Task to carry out >> Once the images are set aside, print the remaining lines below exactly.

Data for this exercise >>
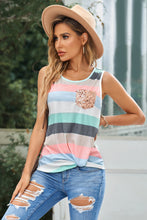 Load image into Gallery viewer, Striped Sequin Pocket Tank Top
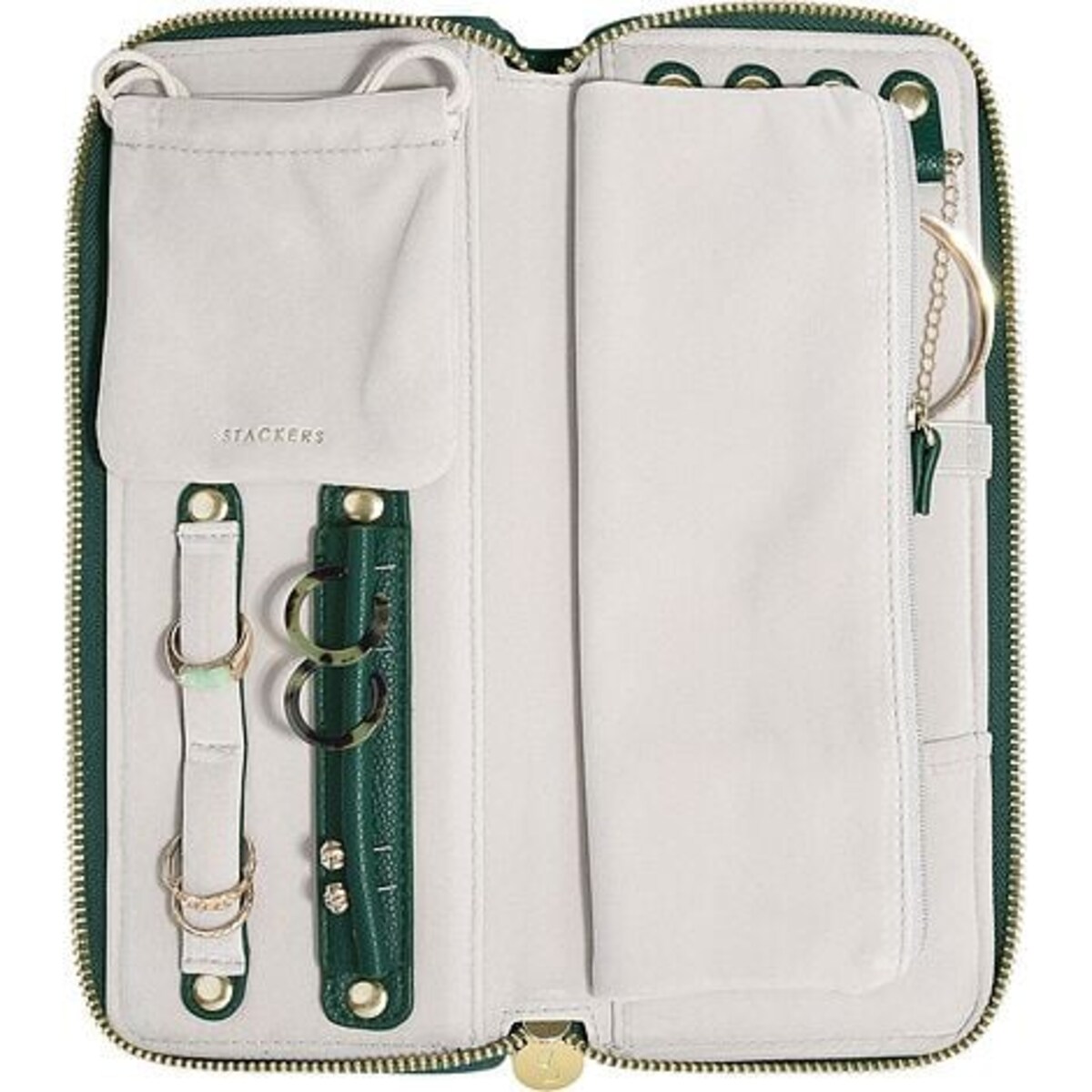 Pudełko podróżne na biżuterię z miejscem na pierścionki Stackers leśna zieleń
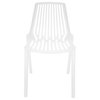 LeisureMod Acken Mid-Century Modern Plastic Dining Chair Set of 4, White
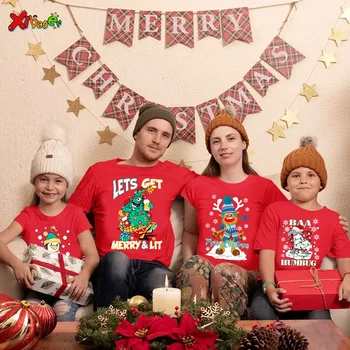 Коледна риза, Семеен комплект за Деца, Еднакви комплекти за семейството, Тениска честита Нова Година момичета, Празнична Детска тениска, Семейна облекло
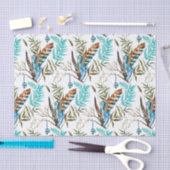 羽カラフルとシダ 薄葉紙 (クラフト)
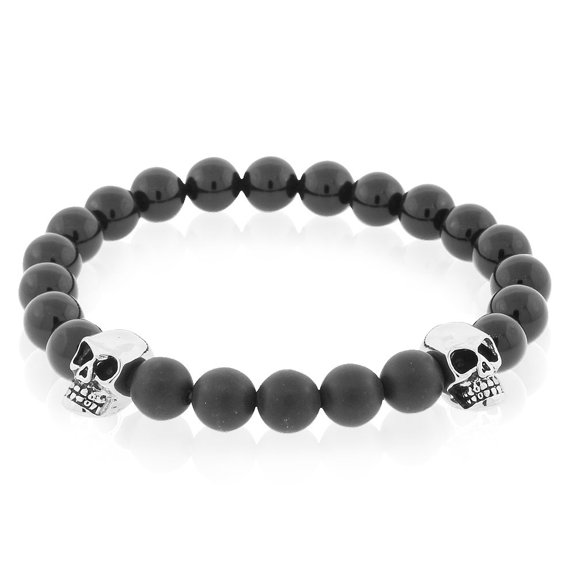 EDFORCE Stainless Steel Black Beads Silver-Tone Skulls Mens Stretch Bracelet, 8"
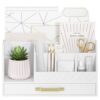 Wisuce Essentials Bamboo Desk Organizer with Drawers, Mail Organizer Countertop Wood Desk Drawer Tabletop Storage Organization Pen Holder Letter Sorter Makeup Organizer for School Home Office (White)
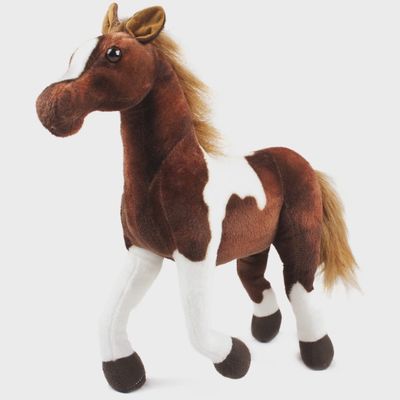 Hanna the Horse plush toy full view with soft brown fur and white mane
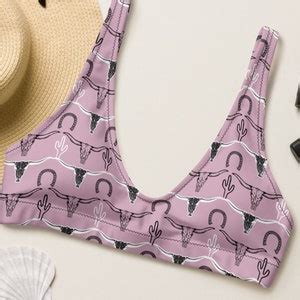 Longhorn Skull Recycled Bikini Top Cactus Western Swimsuit Cowgirl Bathing Suit Trendy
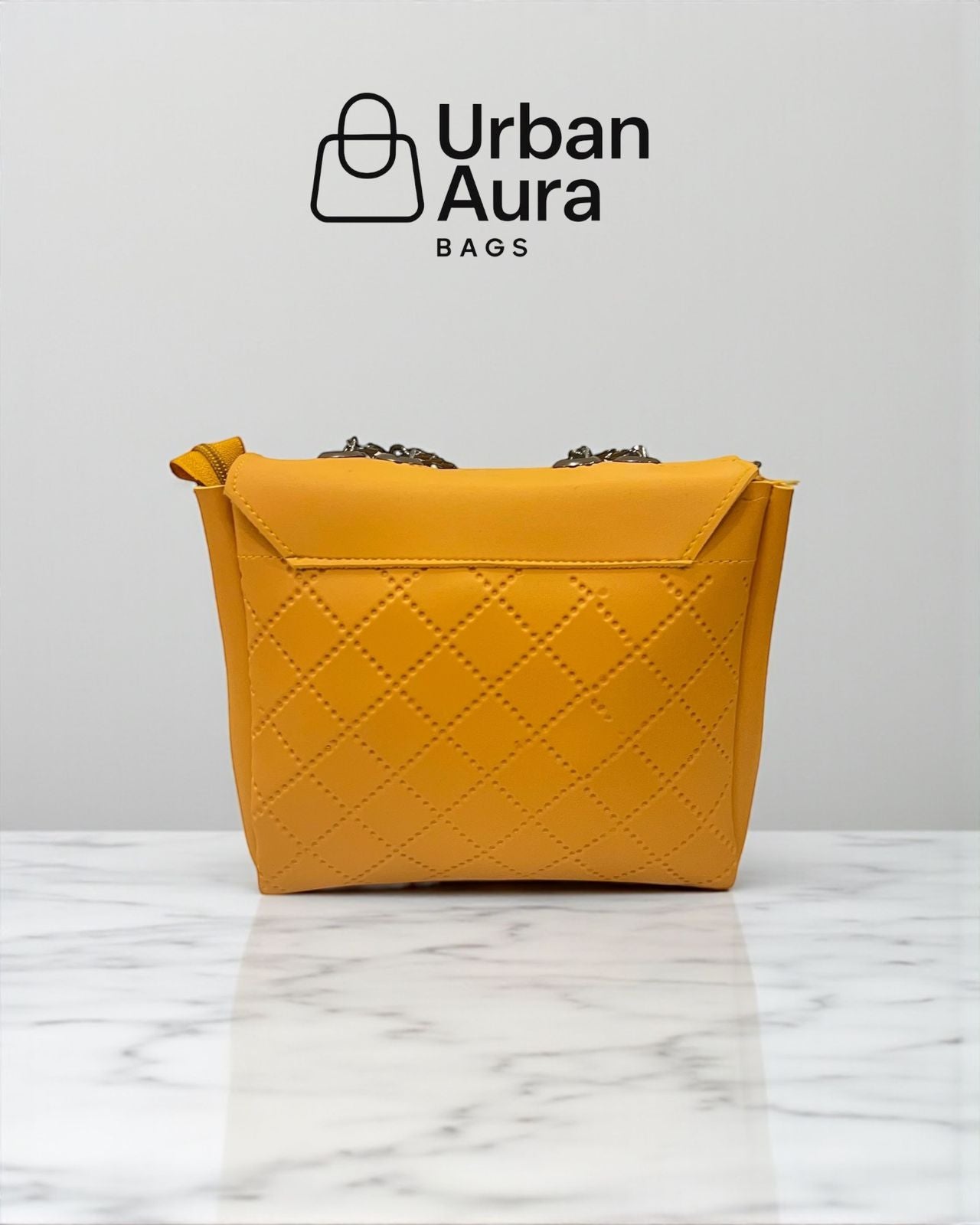 Bold Yellow Quilted Crossbody Bag with Black Chain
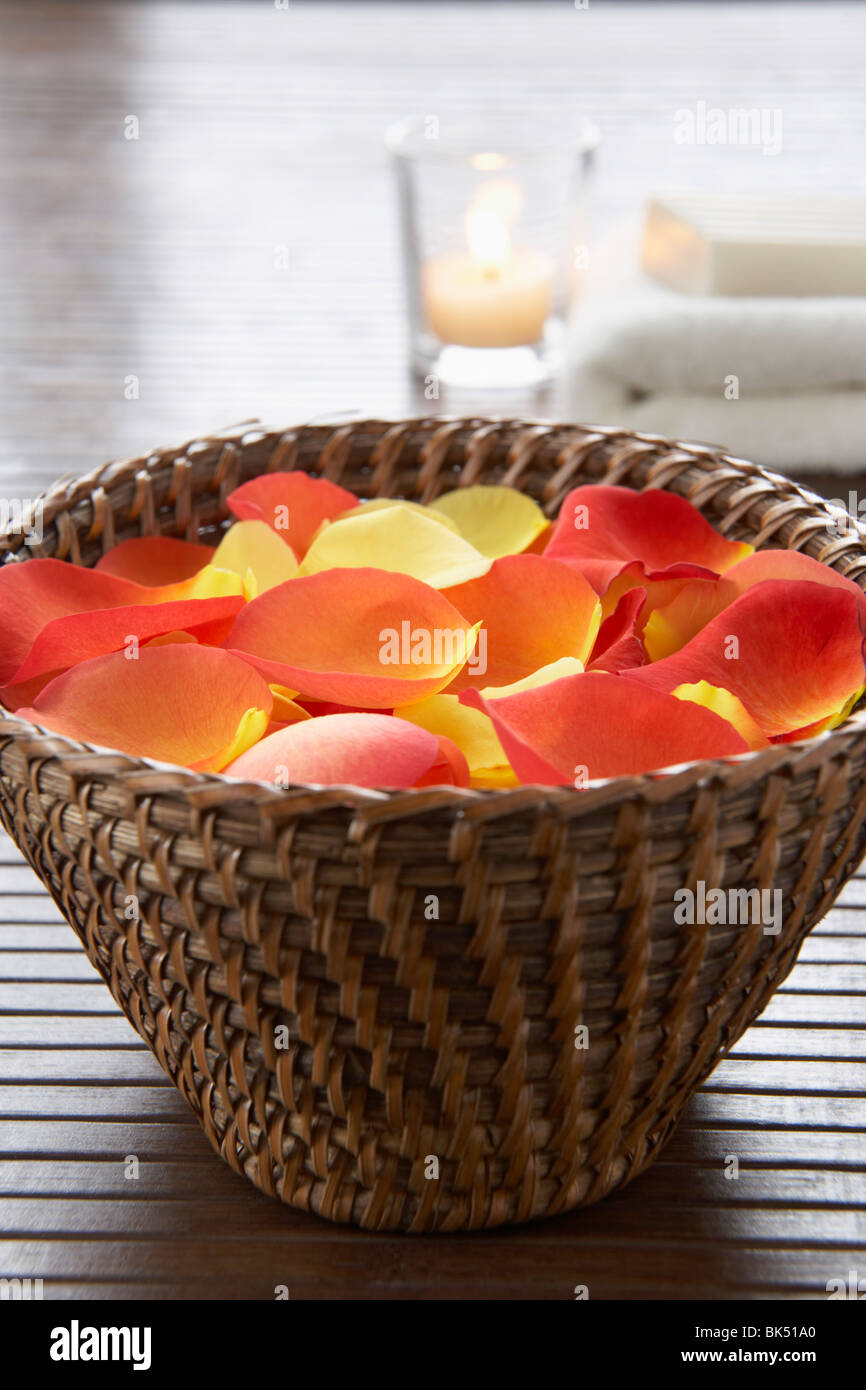 Basket of Flower Petals Stock Photo Alamy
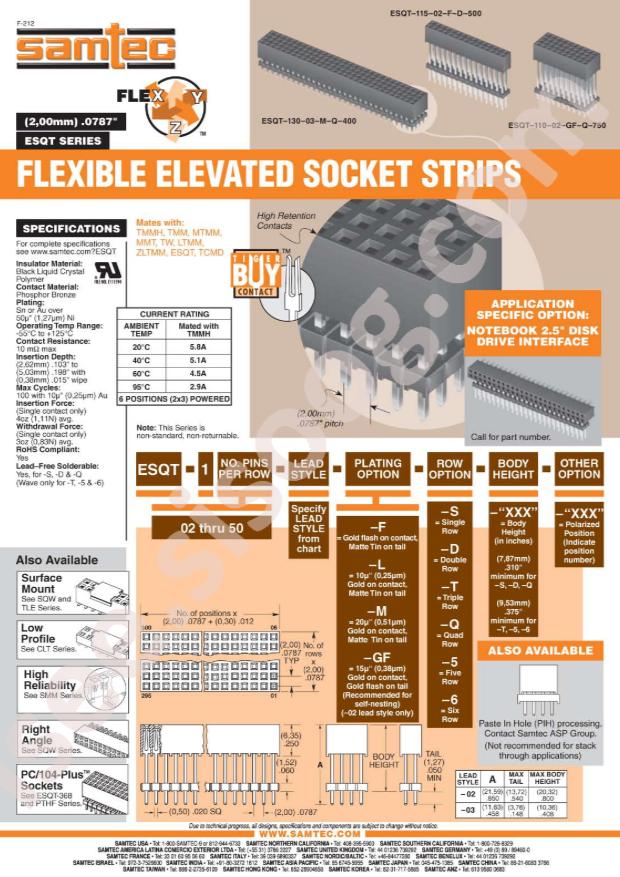 Samtec ESQT-108-02-L-S-750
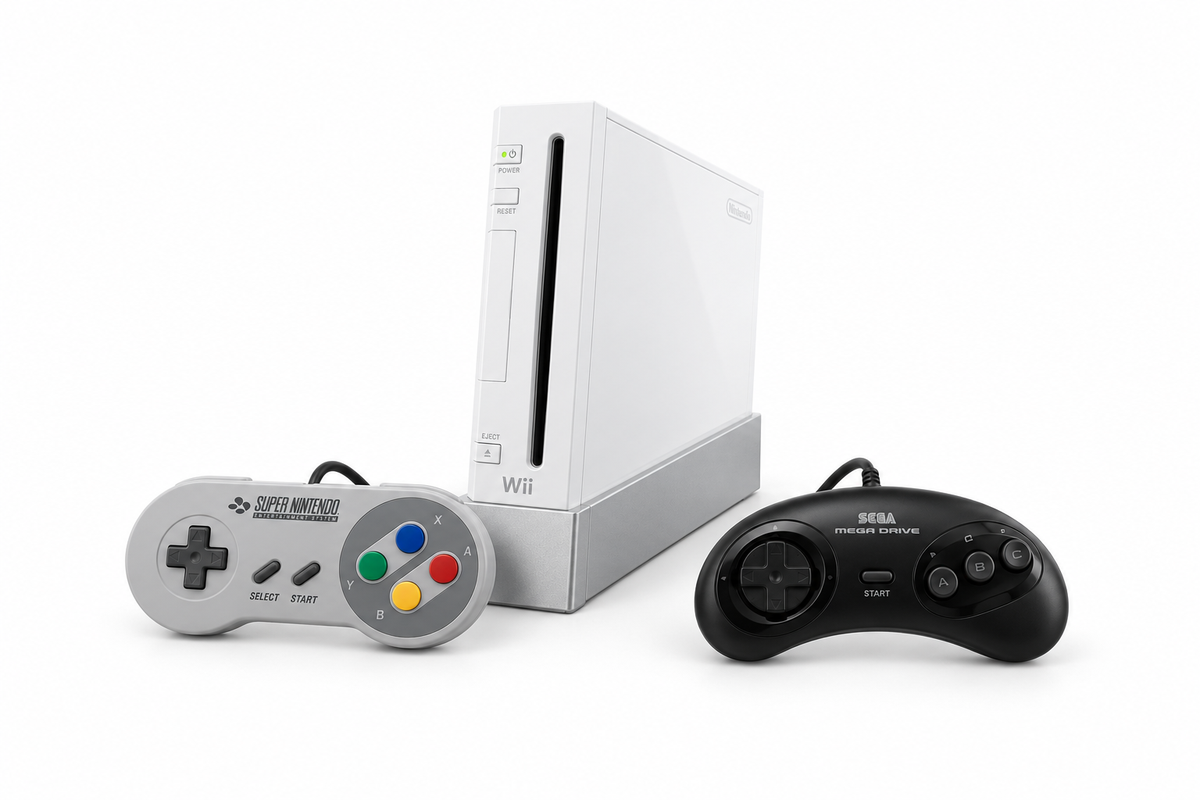Console Wii avec des manettes Super Nintendo et Mega Drive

Answer to the problem >>
 Load image into Gallery viewer, Striped Sequin Pocket Tank Top
 Pudełko podróżne na biżuterię z miejscem na pierścionki Stackers leśna zieleń
 LeisureMod Acken Mid-Century Modern Plastic Dining Chair Set of 4, White
 Коледна риза, Семеен комплект за Деца, Еднакви комплекти за семейството, Тениска честита Нова Година момичета, Празнична Детска тениска, Семейна облекло
 羽カラフルとシダ 薄葉紙 (クラフト)
 EDFORCE Stainless Steel Black Beads Silver-Tone Skulls Mens Stretch Bracelet, 8"
 Wisuce Essentials Bamboo Desk Organizer with Drawers, Mail Organizer Countertop Wood Desk Drawer Tabletop Storage Organization Pen Holder Letter Sorter Makeup Organizer for School Home Office (White)
 Hanna the Horse plush toy full view with soft brown fur and white mane
 Longhorn Skull Recycled Bikini Top Cactus Western Swimsuit Cowgirl Bathing Suit Trendy
 Bold Yellow Quilted Crossbody Bag with Black Chain
 Basket of Flower Petals Stock Photo Alamy
 Samtec ESQT-108-02-L-S-750
Console Wii avec des manettes Super Nintendo et Mega Drive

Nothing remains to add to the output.